All of lore.kernel.org
 help / color / mirror / Atom feed
From: Jakub Sitnicki <jakub@cloudflare.com>
To: Jiayuan Chen <jiayuan.chen@linux.dev>
Cc: bpf@vger.kernel.org,  John Fastabend <john.fastabend@gmail.com>,
	 "David S. Miller" <davem@davemloft.net>,
	 Eric Dumazet <edumazet@google.com>,
	Jakub Kicinski <kuba@kernel.org>,
	 Paolo Abeni <pabeni@redhat.com>, Simon Horman <horms@kernel.org>,
	 Neal Cardwell <ncardwell@google.com>,
	Kuniyuki Iwashima <kuniyu@google.com>,
	 David Ahern <dsahern@kernel.org>,
	Alexei Starovoitov <ast@kernel.org>,
	 Daniel Borkmann <daniel@iogearbox.net>,
	 Andrii Nakryiko <andrii@kernel.org>,
	 Martin KaFai Lau <martin.lau@linux.dev>,
	 Eduard Zingerman <eddyz87@gmail.com>, Song Liu <song@kernel.org>,
	 Yonghong Song <yonghong.song@linux.dev>,
	 KP Singh <kpsingh@kernel.org>,
	 Stanislav Fomichev <sdf@fomichev.me>,
	 Hao Luo <haoluo@google.com>,  Jiri Olsa <jolsa@kernel.org>,
	 Shuah Khan <shuah@kernel.org>,  Michal Luczaj <mhal@rbox.co>,
	 Cong Wang <cong.wang@bytedance.com>,
	 netdev@vger.kernel.org, linux-kernel@vger.kernel.org,
	 linux-kselftest@vger.kernel.org
Subject: Re: [PATCH bpf-next v7 1/3] bpf, sockmap: Fix incorrect copied_seq calculation
Date: Tue, 20 Jan 2026 16:01:21 +0100	[thread overview]
Message-ID: <875x8wuy4e.fsf@cloudflare.com> (raw)
In-Reply-To: <20260113025121.197535-2-jiayuan.chen@linux.dev> (Jiayuan Chen's message of "Tue, 13 Jan 2026 10:50:49 +0800")

On Tue, Jan 13, 2026 at 10:50 AM +08, Jiayuan Chen wrote:
> A socket using sockmap has its own independent receive queue: ingress_msg.

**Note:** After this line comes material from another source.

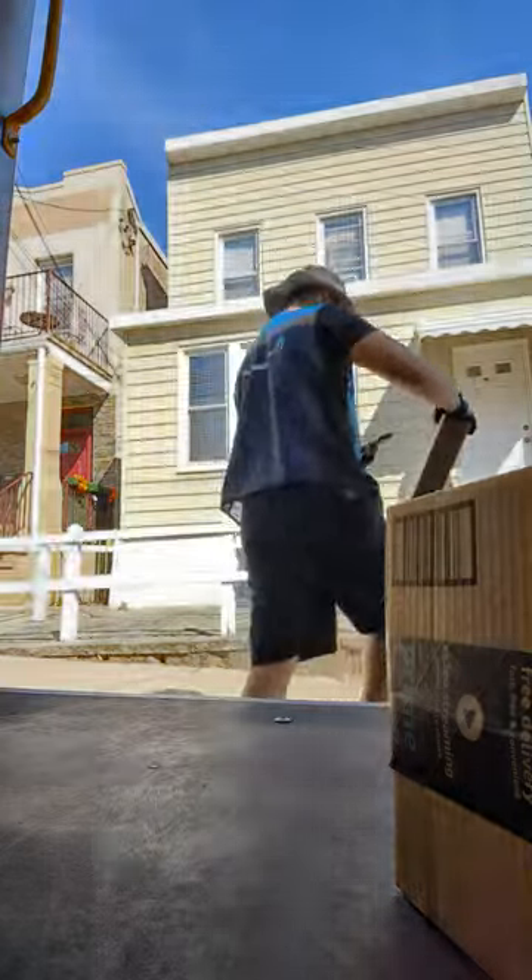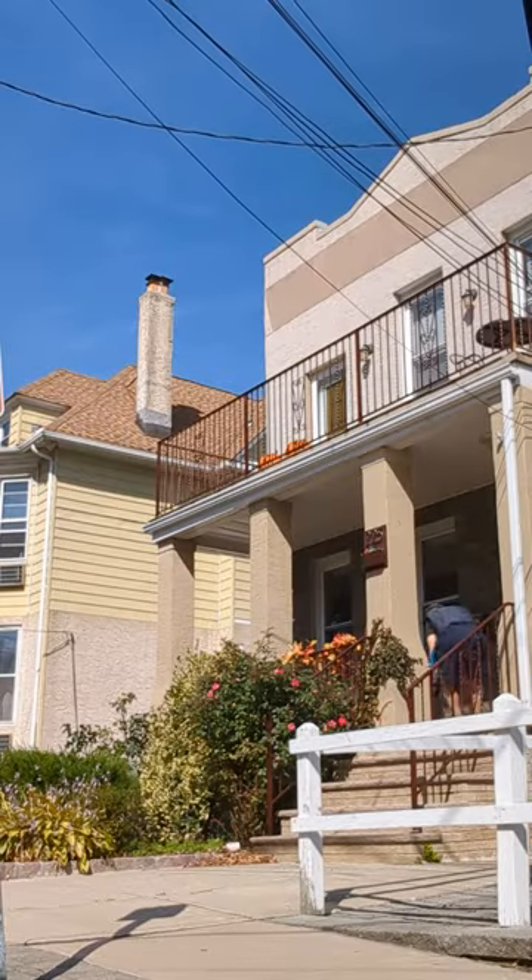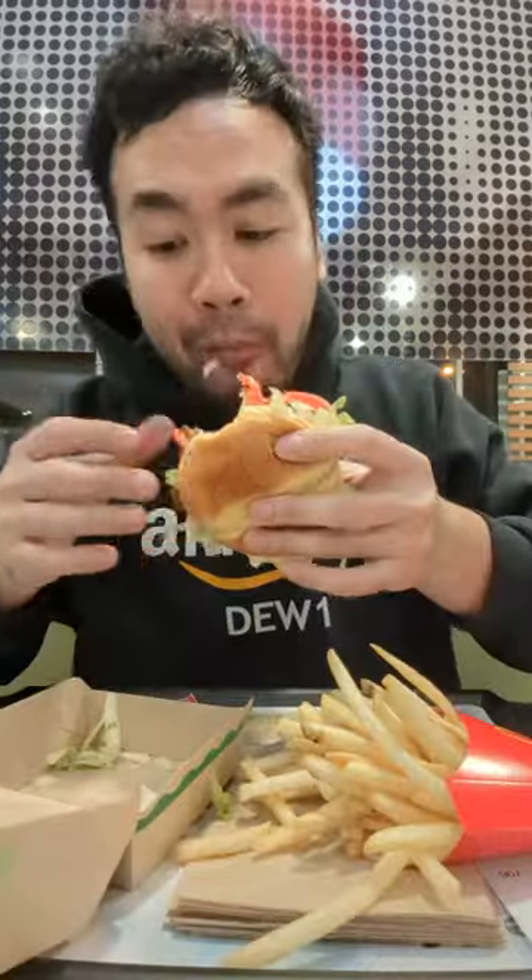My next stop was a house, and then another house. After 50 deliveries, I decided to go eat lunch.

> This queue may contain data from its own protocol stack or from other
> sockets.
>
> The issue is that when reading from ingress_msg, we update tp->copied_seq
> by default. However, if the data is not from its own protocol stack,
> tcp->rcv_nxt is not increased. Later, if we convert this socket to a
> native socket, reading from this socket may fail because copied_seq might
> be significantly larger than rcv_nxt.
>
> This fix also addresses the syzkaller-reported bug referenced in the
> Closes tag.
>
> This patch marks the skmsg objects in ingress_msg. When reading, we update
> copied_seq only if the data is from its own protocol stack.
>
>                                                      FD1:read()
>                                                      --  FD1->copied_seq++
>                                                          |  [read data]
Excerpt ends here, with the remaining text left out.